** Opening RECORDS SUPPLIED block **

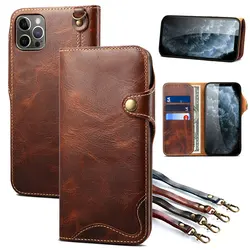 Real Genuine Leather Flip Case for iPhone17 16 14 13 ProMax Luxury Cover Retro Wallet Book Shell iPhone13 Mini 15Plus Phone Etui
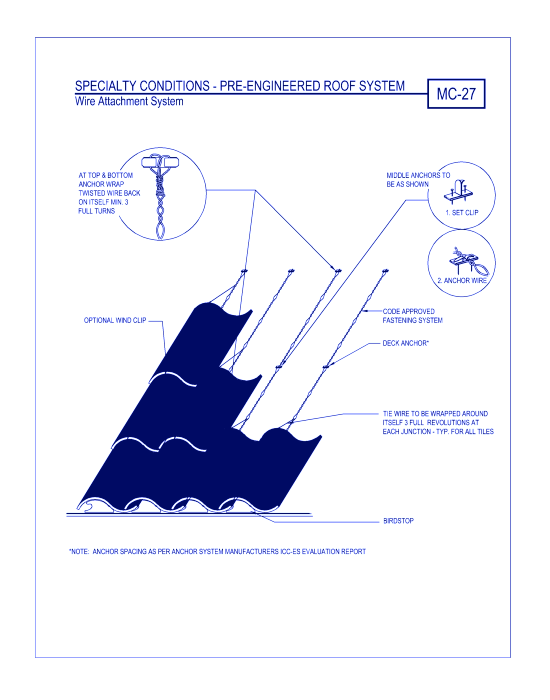 Specialty Conditions - Pre-Engineered Roof System - Wire Attachment System ( MC-27 )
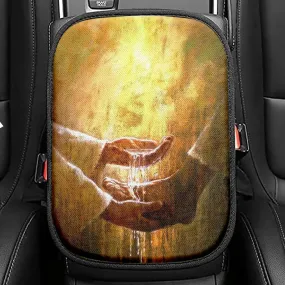 Jesus Christ Washing The Foot Of Disciples Seat Box Cover, Jesus Christ Car Center Console Cover, Christian Car Interior Accessories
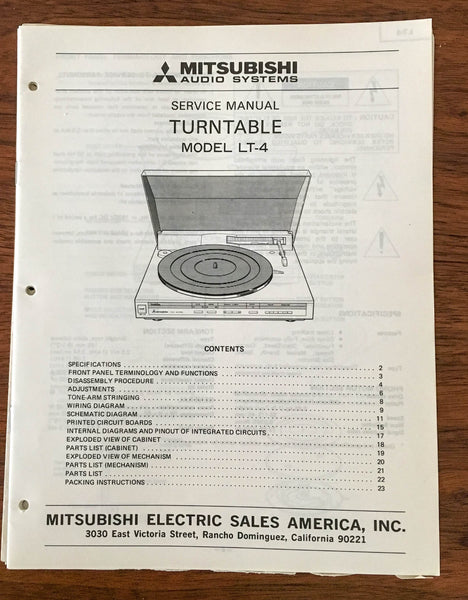 Mitsubishi LT-4 Record Player / Turntable Service Manual *Original*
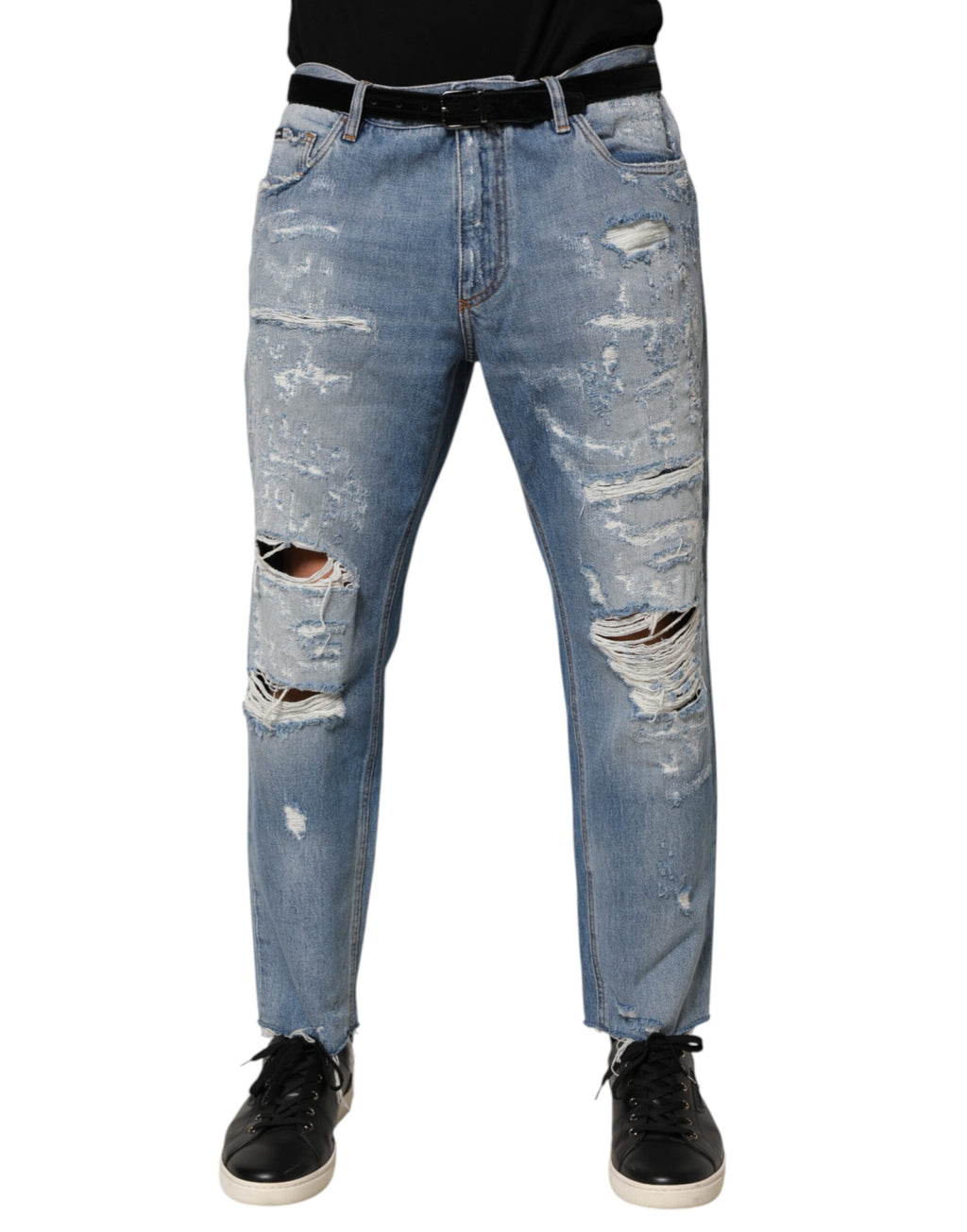 Blue Distressed Ripped Denim Trouser Jeans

** Closing RECORDS SUPPLIED block **

» **EXERCISE REQUIREMENTS**
All pictures are to be dropped, and the records above returned exactly.

» **RESPONSE**
 Real Genuine Leather Flip Case for iPhone17 16 14 13 ProMax Luxury Cover Retro Wallet Book Shell iPhone13 Mini 15Plus Phone Etui
 Specialty Conditions - Pre-Engineered Roof System - Wire Attachment System ( MC-27 )
 Jesus Christ Washing The Foot Of Disciples Seat Box Cover, Jesus Christ Car Center Console Cover, Christian Car Interior Accessories
 Mitsubishi LT-4 Record Player / Turntable Service Manual *Original*
 Blue Distressed Ripped Denim Trouser Jeans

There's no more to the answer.